(Sen) - Inventive techniques using observations with some of the world's biggest telescopes have allowed astronomers to discover five new planets orbiting one of the closest stars to the Earth.
Tau Ceti, which lies only 12 light-years away and can easily be spotted on a clear night, is a star similar to the Sun and also single. One of the new worlds around it is in its habitable zone, so named because water could exist on it in liquid form.
The new planets all have sizes, or masses, between two and six times that of the Earth, making the new solar system one of the least massive yet found. But that is not altogether surprising because smaller worlds are bound to be easier to detect when they are closer to us.

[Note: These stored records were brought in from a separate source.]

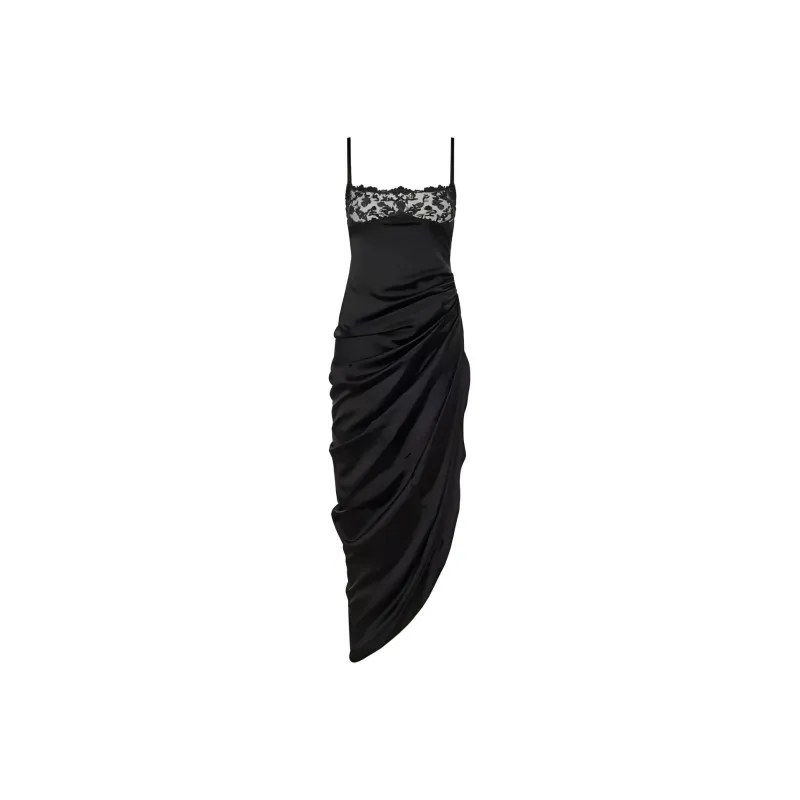 Jacquemus Asymmetric Lingerie Dress-0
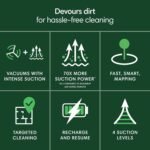 iRobot Roomba 105 Vac Robot Vacuum - Easy to use, Intense Power-Lifting Suction, LiDAR Navigation, Multi-Surface Cleaning, Cleans in Neat Rows, Self-Charging - Image 3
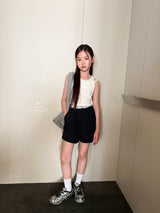 ［comma］Lettering band short pants
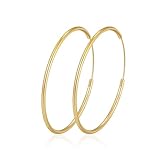MOROTOLE Pendientes de Aro Oro Para Mujer Grandes Aros Dorados Pendientes Dorados Para Mujer Aros de Oro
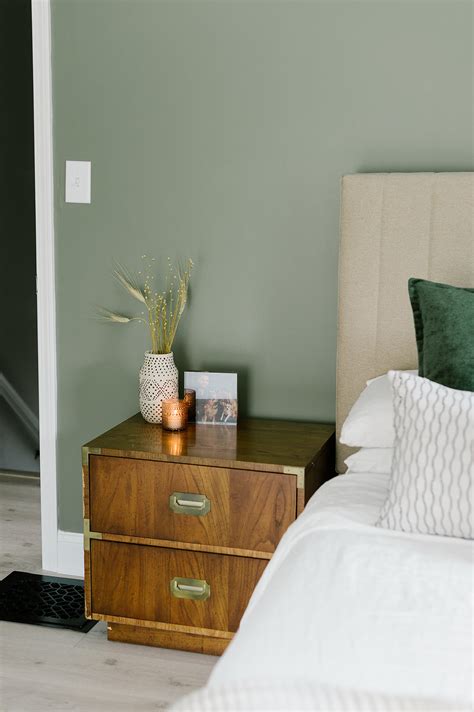 Our Sage Green Guest Bedroom with Midcentury Furniture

The discoveries, which come just two months after the announcement of an Earth-sized planet in the nearest star system to us, Alpha Centauri, were made by an international team from the UK, Chile, the USA and Australia.

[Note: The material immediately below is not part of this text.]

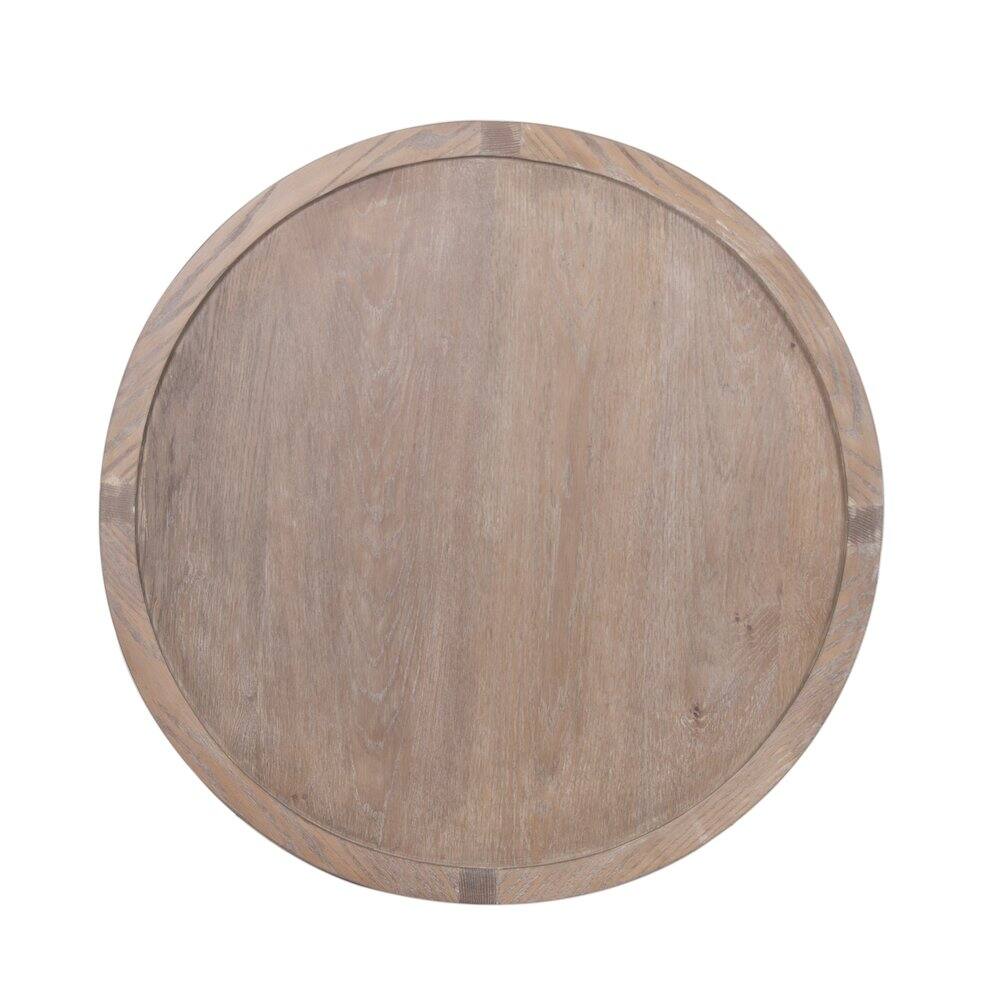 Angle. Porter Designs - Lowell Solid White Oak Wood End Table - Brown.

They examined the starlight from Tau Ceti using spectrographs on three telescopes - HARPS on the 3.6m telescope at the European Southern Observatory in La Silla, Chile, UCLES on the Anglo-Australian Telescope in Siding Spring, Australia, and HIRES on the 10m Keck telescope on Mauna Kea, Hawaii (567 data points).
After making more than 6,000 measurements, the team using computer modelling techniques and managed to improve the sensitivity of their observations so that smaller planets than normal revealed themselves in the data.
The team's leader, Mikko Tuomi from the University of Hertfordshire in the UK, explained: “We pioneered new data modelling techniques by adding artificial signals to the data and testing our recovery of the signals with a variety of different approaches. This significantly improved our noise modelling techniques and increased our ability to find low mass planets."
Hugh Jones, also from the University of Hertfordshire, said: "We chose Tau Ceti for this noise modelling study because we had thought it contained no signals. And as it is so bright and similar to our Sun it is an ideal benchmark system to test out our methods for the detection of small planets."
Where to spot Tau Ceti in the night sky. Credit: University of Hertfordshire
The new worlds add to a harvest of more than 800 exoplanets that have been discovered around other stars since 1995. Most of those found have been "hot Jupiters" - gas giants zipping round close to their host stars in just days.
Team member Steve Vogt, from University of California Santa Cruz, said "This discovery is in keeping with our emerging view that virtually every star has planets, and that the galaxy must have many such potentially habitable Earth-sized planets. They are everywhere, even right next door!
"We are now beginning to understand that Nature seems to overwhelmingly prefer systems that have a multiple planets with orbits of less than one hundred days.
"This is quite unlike our own Solar System where there is nothing with an orbit inside that of Mercury. So our Solar System is, in some sense, a bit of a freak and not the most typical kind of system that Nature cooks up."